There has been some strong evidence, I have to admit. The most compelling are eyewitness descriptions from friends whom I respect as knowledgeable outdoorsmen. No question, they saw something. But was it a mountain lion?
Maybe I have treaded on being unkind in print to the believers even though I’ve never suggested they are kooks. Now I am destined to suffer the fate of living with one of those believers.
“It was a bobcat,” I told Katherine.
“No it wasn’t,” she insisted. Too big, wrong color, wrong shape, she said.
I didn’t tell her, but I was thinking that if it were a bobcat it had to be record size.
I only saw the top of its head and a quick glimpse of its back. Katherine appeared to get a better view. She has better eyes.
What we didn’t see was the animal’s tail. That would have been the clincher. A mountain lion has a long tail with a curling tip. The bobcat has … well, you get a good idea of what its tail looks like by just dwelling on its name.
When we reached home, Katherine got one of our guidebooks and turned to a picture of a mountain lion.
“Here’s what I saw,” she said.
“No way,” I said. “Here’s what you saw,” I pointed to a picture of a bobcat.
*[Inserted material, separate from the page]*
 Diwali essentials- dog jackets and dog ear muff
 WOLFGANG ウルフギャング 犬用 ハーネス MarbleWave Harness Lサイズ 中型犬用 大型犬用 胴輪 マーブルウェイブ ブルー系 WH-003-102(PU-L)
“You will never convince me that I didn’t see a mountain lion,” she said.
And I really won’t try. No one would have been thrilled more than me if I’d seen a long tail on that cat. I’d relish eating some crow.
No question, our farm once was mountain lion habitat. My great great grandfather purchased the land in the first half of the 1800s by selling venison. It was a time before market hunting was frowned upon. Records reveal that he killed hundreds of deer and some bears and panthers, as they were called at the time.
According to one account, the last record of a mountain lion in the region of our farm was one that was shot in the Tea Creek area in 1887.
The 1800s were a tough time for the big cats, a period when their fate was decided. Farming was encroaching on their habitat. The deer herd, a source of food for the big cats, was disappearing. There was an open season on mountain lions because they were viewed as a threat to livestock, especially sheep.
They were soon gone.
Are they making a comeback? Many of the old mountainside farms have been abandoned. The forest has reclaimed fields that had been set apart by split-rail fences. The deer have returned in big numbers.
Is everything back but the mountain lions, or are they also back? You can ask my wife about that, but you probably will get a different answer than I will give you.
But beneath my gruffness there is childlike excitement just to think these big cats might be out there, mystical and masters of invisibility, wild and free and yet undiscovered except in the eyes of a few believers whose souls are less caustic than mine.